This text of People v. Araujo CA4/1 (People v. Araujo CA4/1) is published on Counsel Stack Legal Research, covering California Court of Appeal primary law. Counsel Stack provides free access to over 12 million legal documents including statutes, case law, regulations, and constitutions.

Bluebook
People v. Araujo CA4/1, (Cal. Ct. App. 2025).

Opinion

Filed 3/17/25 P. v. Araujo CA4/1 NOT TO BE PUBLISHED IN OFFICIAL REPORTS California Rules of Court, rule 8.1115(a), prohibits courts and parties from citing or relying on opinions not certified for publication or ordered published, except as specified by rule 8.1115(b). This opinion has not been certified for publication or ordered published for purposes of rule 8.1115.
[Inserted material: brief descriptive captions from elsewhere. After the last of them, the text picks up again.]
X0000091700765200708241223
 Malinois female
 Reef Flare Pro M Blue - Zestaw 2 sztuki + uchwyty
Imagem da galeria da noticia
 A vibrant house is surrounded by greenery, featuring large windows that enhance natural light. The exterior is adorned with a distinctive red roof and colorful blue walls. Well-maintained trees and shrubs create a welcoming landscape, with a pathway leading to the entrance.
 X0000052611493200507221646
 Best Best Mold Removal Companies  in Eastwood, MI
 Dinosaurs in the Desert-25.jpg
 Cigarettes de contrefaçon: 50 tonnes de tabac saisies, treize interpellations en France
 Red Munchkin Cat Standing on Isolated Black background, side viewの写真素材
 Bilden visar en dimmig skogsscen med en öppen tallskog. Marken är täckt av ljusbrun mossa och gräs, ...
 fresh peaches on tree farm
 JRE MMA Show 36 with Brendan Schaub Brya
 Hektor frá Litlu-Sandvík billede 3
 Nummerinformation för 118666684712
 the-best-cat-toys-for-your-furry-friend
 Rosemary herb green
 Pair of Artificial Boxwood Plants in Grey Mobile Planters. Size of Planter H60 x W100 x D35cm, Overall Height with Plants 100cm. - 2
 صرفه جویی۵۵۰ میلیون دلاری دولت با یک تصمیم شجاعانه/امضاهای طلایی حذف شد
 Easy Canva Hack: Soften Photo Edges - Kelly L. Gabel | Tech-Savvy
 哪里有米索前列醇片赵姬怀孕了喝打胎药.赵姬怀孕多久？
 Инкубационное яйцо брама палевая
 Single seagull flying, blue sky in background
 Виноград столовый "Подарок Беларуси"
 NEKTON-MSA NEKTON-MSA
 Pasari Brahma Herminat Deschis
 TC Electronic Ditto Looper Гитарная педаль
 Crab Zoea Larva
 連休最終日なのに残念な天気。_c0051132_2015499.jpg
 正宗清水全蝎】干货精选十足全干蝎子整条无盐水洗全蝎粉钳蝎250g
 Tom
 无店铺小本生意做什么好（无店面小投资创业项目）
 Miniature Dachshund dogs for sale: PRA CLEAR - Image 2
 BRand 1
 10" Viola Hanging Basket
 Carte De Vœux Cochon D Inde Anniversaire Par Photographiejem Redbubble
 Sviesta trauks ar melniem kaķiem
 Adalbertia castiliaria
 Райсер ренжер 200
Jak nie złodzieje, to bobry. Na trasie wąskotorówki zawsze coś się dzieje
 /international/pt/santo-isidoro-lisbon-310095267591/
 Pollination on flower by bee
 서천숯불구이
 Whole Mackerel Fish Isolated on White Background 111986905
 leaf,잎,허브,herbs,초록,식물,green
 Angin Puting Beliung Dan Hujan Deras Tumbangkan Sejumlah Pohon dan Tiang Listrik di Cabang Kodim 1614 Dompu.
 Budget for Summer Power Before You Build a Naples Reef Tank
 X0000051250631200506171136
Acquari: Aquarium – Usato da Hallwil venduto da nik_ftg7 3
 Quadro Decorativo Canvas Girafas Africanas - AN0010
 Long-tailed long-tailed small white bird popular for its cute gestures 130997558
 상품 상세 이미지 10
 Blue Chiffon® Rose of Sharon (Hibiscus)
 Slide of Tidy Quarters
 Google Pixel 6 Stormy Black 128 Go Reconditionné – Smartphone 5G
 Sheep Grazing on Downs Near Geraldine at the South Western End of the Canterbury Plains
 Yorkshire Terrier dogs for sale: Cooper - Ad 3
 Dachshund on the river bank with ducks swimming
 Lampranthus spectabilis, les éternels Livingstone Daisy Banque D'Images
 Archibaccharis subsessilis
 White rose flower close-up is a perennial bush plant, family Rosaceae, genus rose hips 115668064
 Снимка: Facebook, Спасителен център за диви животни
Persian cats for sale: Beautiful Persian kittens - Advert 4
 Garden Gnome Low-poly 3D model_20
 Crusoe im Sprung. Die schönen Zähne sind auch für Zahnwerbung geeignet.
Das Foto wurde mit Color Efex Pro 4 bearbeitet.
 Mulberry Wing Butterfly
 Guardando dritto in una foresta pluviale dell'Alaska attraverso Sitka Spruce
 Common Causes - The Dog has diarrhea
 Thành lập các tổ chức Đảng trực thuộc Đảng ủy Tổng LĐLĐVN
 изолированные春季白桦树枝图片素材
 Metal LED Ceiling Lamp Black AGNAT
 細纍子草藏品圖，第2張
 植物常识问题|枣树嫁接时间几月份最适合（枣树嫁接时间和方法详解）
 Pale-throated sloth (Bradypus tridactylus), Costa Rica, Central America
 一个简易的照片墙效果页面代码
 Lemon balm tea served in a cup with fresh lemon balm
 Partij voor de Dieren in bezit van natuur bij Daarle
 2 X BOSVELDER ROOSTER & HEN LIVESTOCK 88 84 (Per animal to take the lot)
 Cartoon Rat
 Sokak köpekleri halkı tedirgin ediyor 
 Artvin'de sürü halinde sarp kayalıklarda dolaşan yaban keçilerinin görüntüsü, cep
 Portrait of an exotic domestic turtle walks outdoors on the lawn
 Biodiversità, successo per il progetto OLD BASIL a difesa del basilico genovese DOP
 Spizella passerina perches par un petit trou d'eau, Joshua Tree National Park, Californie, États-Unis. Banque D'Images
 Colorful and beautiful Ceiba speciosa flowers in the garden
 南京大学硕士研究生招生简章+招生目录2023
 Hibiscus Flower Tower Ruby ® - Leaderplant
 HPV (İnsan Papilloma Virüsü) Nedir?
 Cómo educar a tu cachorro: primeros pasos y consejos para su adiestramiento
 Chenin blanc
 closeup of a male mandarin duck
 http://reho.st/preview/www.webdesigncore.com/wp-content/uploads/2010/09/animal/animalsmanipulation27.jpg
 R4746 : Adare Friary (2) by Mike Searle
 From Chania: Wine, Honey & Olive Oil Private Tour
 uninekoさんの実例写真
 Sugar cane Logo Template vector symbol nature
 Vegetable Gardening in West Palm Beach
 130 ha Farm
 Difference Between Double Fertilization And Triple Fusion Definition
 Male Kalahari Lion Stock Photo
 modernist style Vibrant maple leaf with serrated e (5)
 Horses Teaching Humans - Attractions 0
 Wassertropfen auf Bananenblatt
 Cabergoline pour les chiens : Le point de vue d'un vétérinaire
COURT OF APPEAL, FOURTH APPELLATE DISTRICT

DIVISION ONE

STATE OF CALIFORNIA

THE PEOPLE, D081682

Plaintiff and Respondent,

v. (Super. Ct. No. SCD291755)

RAFAEL MENDES ARAUJO,

Defendant and Appellant.

APPEAL from an order of the Superior Court of San Diego County, Aaron H. Katz, Judge. Affirmed. George L. Schraer, under appointment by the Court of Appeal, for Defendant and Appellant. Rob Bonta, Attorney General, Lance E. Winters, Chief Assistant Attorney General, Charles C. Ragland, Assistant Attorney General, Arlene A. Sevidal, and Jon S. Tangonan, Deputy Attorneys General, for Plaintiff and Respondent.

Rafael Mendes Araujo appeals the order suspending imposition of sentence and placing him on probation for two years after a jury found him guilty of assault with a deadly weapon and fleeing the scene of an accident in which someone was injured. He claims two errors in the pattern instruction the trial court gave the jury on the assault charge require reversal of the conviction on that charge. We disagree and affirm. FACTUAL BACKGROUND Zachary Overson was pedaling his bicycle up Mount Soledad one morning when he encountered a line of vehicles obstructing the bicycle lane as drivers crossed the lane to make a turn. He tapped the vehicles as he passed them to alert the drivers to his presence. Araujo was driving one of the vehicles Overson tapped. Araujo asked whether Overson had hit the vehicle, and he responded he had done so to avoid a collision. Overson continued up the road, noticed Araujo was following him, and made a U-turn to go down the road. Araujo also made a U-turn and continued pursuing Overson. To get way from Araujo, Overson changed directions again and proceeded back up the road. When Overson later rode his bicycle down Mount Soledad, he again encountered Araujo. Araujo followed Overson and, according to Overson, twice tried to drive into him. The second time he succeeded in knocking Overson off his bicycle onto a pile of construction materials. Overson suffered abrasions, contusions, and a concussion. Araujo drove away without stopping or speaking to Overson. Araujo claimed he pursued Overson to get information from him because he had damaged Araujo’s vehicle. He denied trying to drive into Overson or actually doing so. PROCEDURAL BACKGROUND The People charged Araujo with assault with a deadly weapon (Pen. Code, § 245, subd. (a)(1)) and fleeing the scene of an accident in which

2 someone was injured (Veh. Code, § 20001, subd. (a)). They alleged the deadly weapon used in the assault was a vehicle. (Id., § 13351.5.) The trial court instructed the jury on assault with a deadly weapon in part as follows:

“To prove that the defendant is guilty of this crime, the People must prove that:

“1. The defendant did an act with a deadly weapon other than a firearm that by its nature would directly and probably result in the application of force to a person;

“2. The defendant did that act willfully;

“3. When the defendant acted, he was aware of facts that would lead a reasonable person to realize that his act by its nature would directly and probably result in the application of force to someone;

“AND

“4. When the defendant acted, he had the present ability to apply force with a deadly weapon.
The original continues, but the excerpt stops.